The data set is divided into training and testing (90%:10%) sets, manually, in order to assure that messages corresponding to the same channel are kept together within one data set. 


**Preprocessing**: The categorical featuer, i.e., the user status (applicant or residents), is encoded via [One Hot Encoder algorithm](https://scikit-learn.org/stable/modules/generated/sklearn.preprocessing.OneHotEncoder.html). 

**Training a classifier**: The hyperparameters are first narrowed down using [Randomized Search Cross Validation](https://scikit-learn.org/stable/modules/generated/sklearn.model_selection.RandomizedSearchCV.html) and further optimized via [Grid Search](https://scikit-learn.org/stable/modules/generated/sklearn.model_selection.GridSearchCV.html) both provided in the python Scikit Learn library. 

> See [ML model notebook]() for details. 

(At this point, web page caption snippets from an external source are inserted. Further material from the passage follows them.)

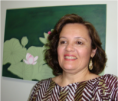 Prof.ª Dr.ª Regina Célia Garcia de Andrade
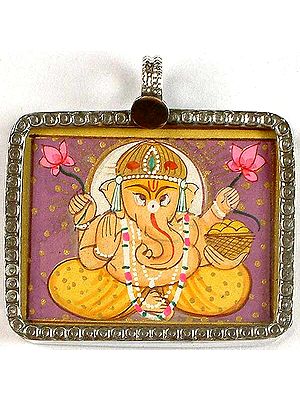 Ganapati Bappa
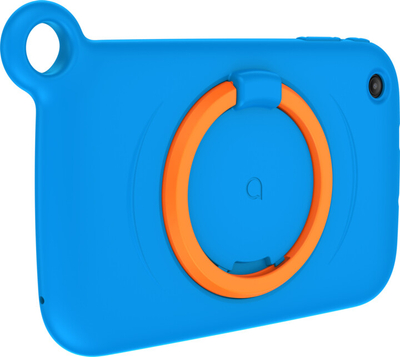 Tablet Alcatel 1T 7 2019 KIDS, 7", 1GB RAM, 16GB + mbështjellëse e kaltër
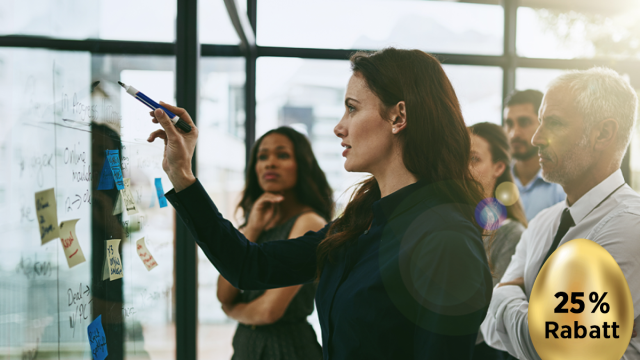 Agiles Projektmanagement - Grundlagen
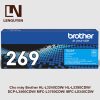 Mực in Brother TN-269C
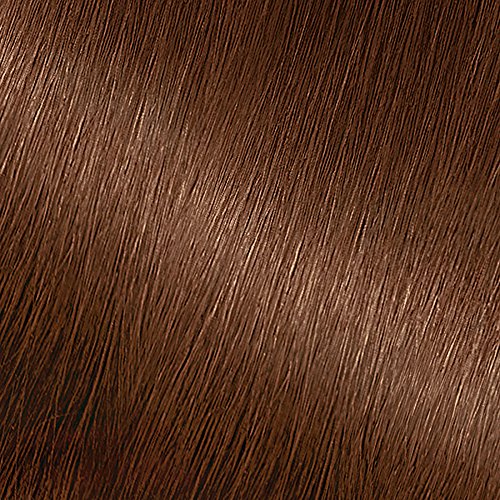 Garnier Nutrisse Nutrisse Tinte Castaño Mediano Dorado Marrón Castaño Mediano Dorado Marrón (Paquete de 3) de Garnier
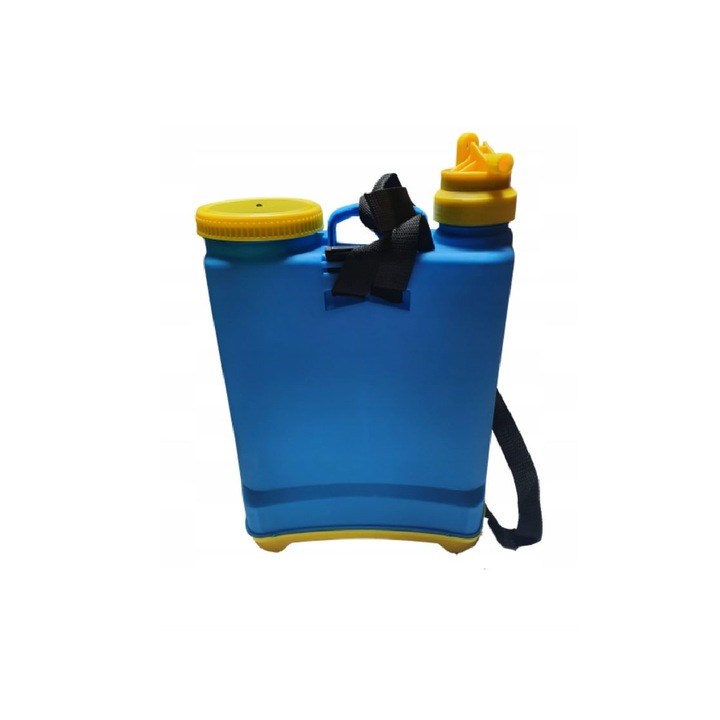 Pulverizator manual de gradina, 16L, Falon-Tech FT682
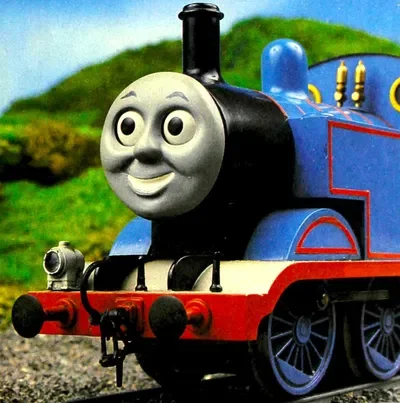 Thompson Billinton The LB&SCR E2 Class Tank Engine -My Thomas The Tank Engine & Friends Headcanon-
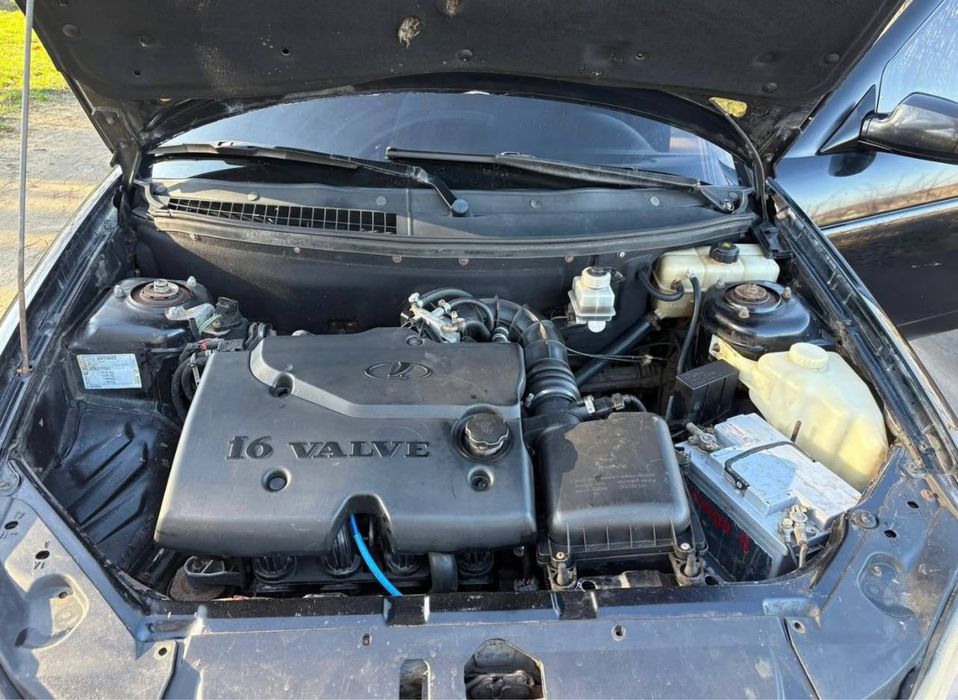 Продам авто Приора 2008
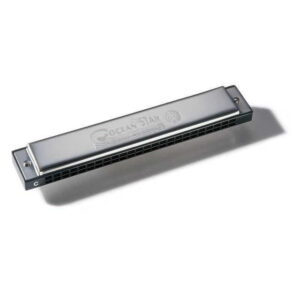 Hohner  OCEAN STAR Harmonica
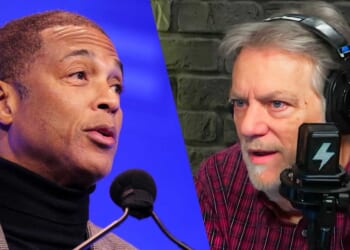 President Don Lemon? Former CNN anchor says he’s open if ‘the right opportunity’ comes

### <font color='orange'> Implications </font> 

The performance of ML model is limited by features that are used in training. There are many other components, other than the chat impression, which can affect (1) the resident's vote on accepting or rejecting an applicant, and (2) the applicant's decision on siging a lease for a room. 

In future outlook, other features such as (1) the number of maintance tickets submitted via each household, (2) unit price compared to market prices, and (3) the number of available rooms versus total rooms could be included in order to improve the accuracy of the predictions.